Each step has a little note explaining why you should perform the action and possible benefits if you do.
Do this in your business - give clear directions, even for the most mundane things.
Remember, a welcome email that provides direction is the first thing you want a prospect to see.
Medium is an online publishing platform and if you're subscribed to their daily notifications called the Medium daily digest, you'll get emails like this:
That's just one of the almost fifty posts per email you're receiving daily, and all those posts are competing for your attention.
Medium does a great job by providing snippets of these posts to readers before they click, so every writer has about fifteen words to sell a post.
The snippets influence what posts people finally decide to read, because they can't read everything.

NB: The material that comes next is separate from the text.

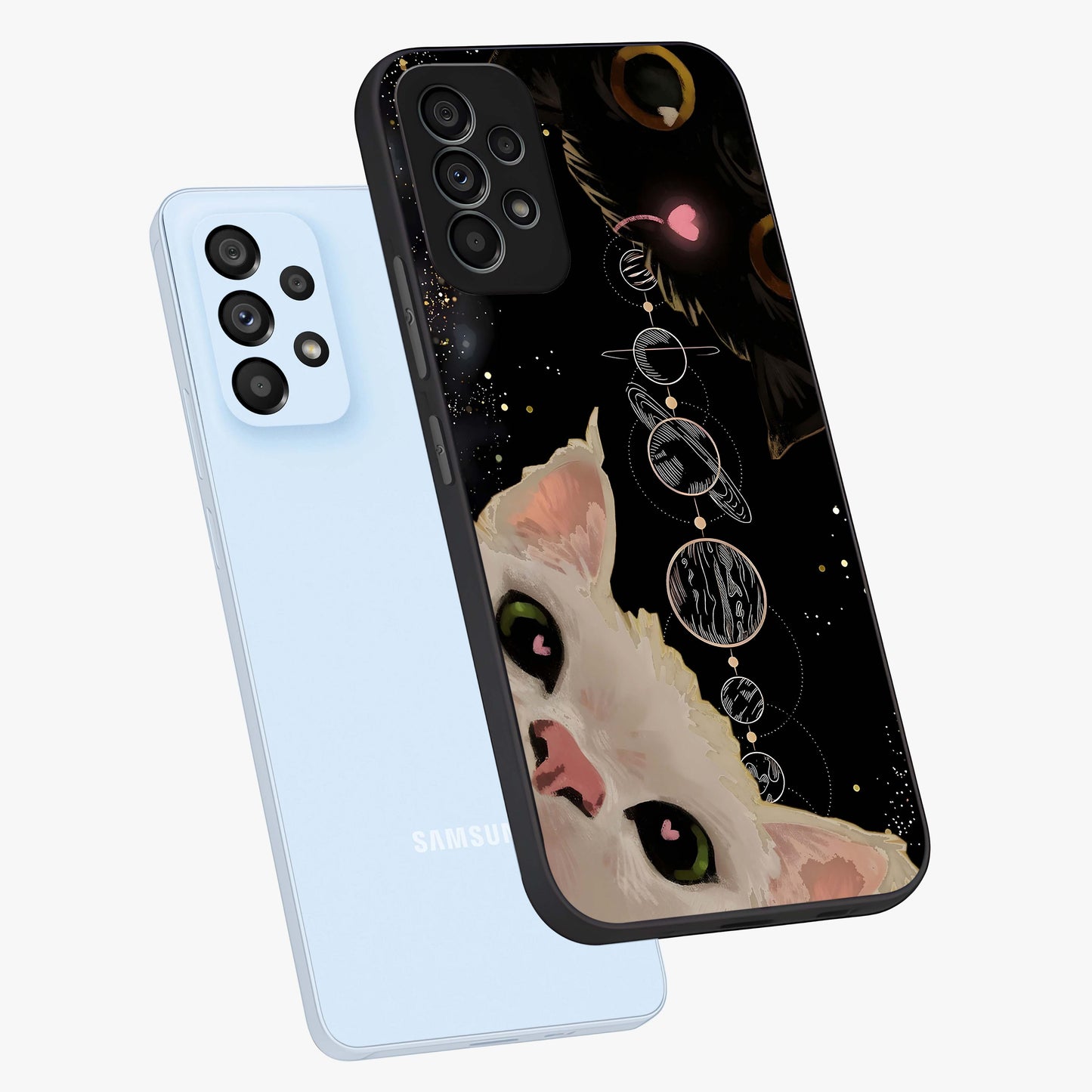 Galactic Cat Glass Case displayed in angled mockup highlighting celestial feline illustration with galaxy aesthetic style.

Medium's emails teach how short, useful descriptions can get the click.
Not everyone will open your email, and from the opens you get, many close after the first two lines.
In a world of declining attention spans, you should try to keep your intro lines short, explanatory and inviting and get right into the meat of it - especially if you have a lot of meat.
Bitly is a link management system used mostly for link shortening and if there's one thing you want to learn from them, it's how they handle low email open rates.
Asking subscribers why they're not engaging with your emails is a strategy that rarely works.
Do this instead; provide value.
Bitly sends emails like this to subscribers who haven't used their services for some time.
Very few people will be able to resist the “see how many clicks your links are getting” line especially if they've created an important link in the past.
That line appeals to your self-interest and is a good way for a business to say “hey, here's how we can help you.”
If you're managing a dead or dying list, one way to get it up and running is by offering services people can get immediate value from.
Wordfence is a WordPress security plugin and if you have it installed on your site, you should receive weekly notification reports.
There's an option to upgrade to the Wordfence premium plan, which provides improved security, after every email but this report makes a good case for how the company provides value before proposing an offer.
An easy way to make money from your list even as a new player in your industry is to provide basic value everyone can access and put advanced offers up for sale.
Wordfence displays the security status of your site and you don't even need to leave your inbox.
If there's one thing that it teaches, it's that offering high-value information through email is a good way to build brand trust.
Fiverr is the world's largest freelance marketplace so you can imagine that a lot of their email marketing will involve promoting offers to entrepreneurs.
Here's how they promote expiring offers:
They get straight to it and remind you of what you're likely to miss out on in a few lines.
Selling shouldn't be a dirty word if you're doing it well. Let's face it, everyone who signs up on an email list knows there'll be an offer somewhere down the line.
How do you deal with expiring offers? By keeping it simple while giving the customer a few steps to take to redeem the offer.
That's the bottom part of the same email and it just demonstrates boring legalese in the “terms and conditions” section of the same email can be transformed into a good pitch.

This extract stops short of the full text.